Fluxblog 413: U2 rework one of my favorites from Zooropa
Plus new songs by Kenya Grace and B. Cool Aid
I’m a little light on material this week as circumstances decreased my laptop access by about 70%. That means there’s no new playlist this week, but I do have a relatively lengthy U2 post to share. So let’s just get to it…
A Work That’s Never Done
U2 “Dirty Day” (Songs of Surrender)
U2 are among the artists I have the longest and deepest relationship with, going back to pretty much day one of my life as a music obsessive. There are some artists I have this sort of relationship where I can endorse pretty much everything they’ve ever made, artists who’ve rarely if ever been embarrassing or pursued creative directions that didn’t suit them at all. U2 don’t make it easy. U2 have created some of the best music I’ve heard and some of the most cringe, and even at their best they’re more likely to make a goofy decision than a cool decision.

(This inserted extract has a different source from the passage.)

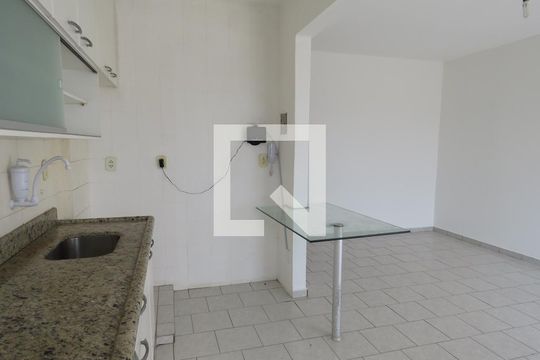 Cozinha de apartamento para alugar com 2 quartos, 55m² em Jardim América, Goiânia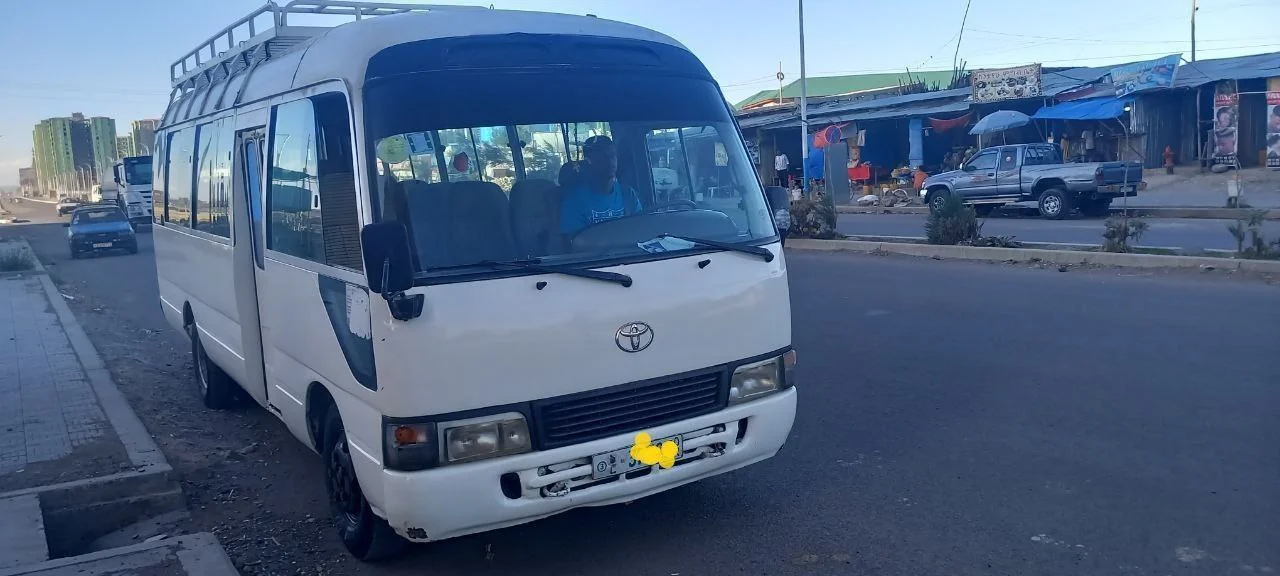2004 Model-Toyota Coaster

This is a long way of saying if you’ve wondered who their new record of 40 remakes of songs throughout their catalog is for, it is for people like me. I’m invested enough in The Edge in particular to be fascinated by how he approaches translating his own style, especially when he’s trying to drastically reduce things crucial to his aesthetic – implied scale, odd electronic textures, density of sound. I’m interested enough in Bono to want to him compensate for his reduced vocal range with different approaches to phrasing, and taking his tendency to rewrite lyrics on the spot in shows back into the studio. While I’m sure some of the new versions of old songs will take on lives of their own, particularly through use in television and film, Songs of Surrender is for hardcore fans. The revisions here are meant to be additive, a new way of hearing something familiar. Nothing is being replaced, and at best the songs are enhanced with a new perspective on their musical and lyrical character. (That said, the material from Innocence and Experience is mostly greatly improved by scraping off all the “this has to be a radio hit” gloss of producers like Ryan Tedder and Paul Epworth.)
“Dirty Day” is one of my all-time favorite U2 songs. It’s a song about how complicated relationships between fathers and sons can be, especially when the son is old enough to be a father too. Bono has written a fair number of songs about his relationship with his father – “Kite” is about Bono’s experience of preparing for his dad’s death while he was dying, “Sometimes You Can’t Make It On Your Own” one album later reflects on their strained relationship after he passed. In all of these songs Bono’s father is portrayed as stern and stubborn, emotionally distant but affectionate in unexpected ways, and a man who offered wisdom in ways that were often blunt and abrasive. The power of the songs is in how much Bono yearns for this man’s love and approval, and how frustrated he is that the things that make them alike are what pushed them apart.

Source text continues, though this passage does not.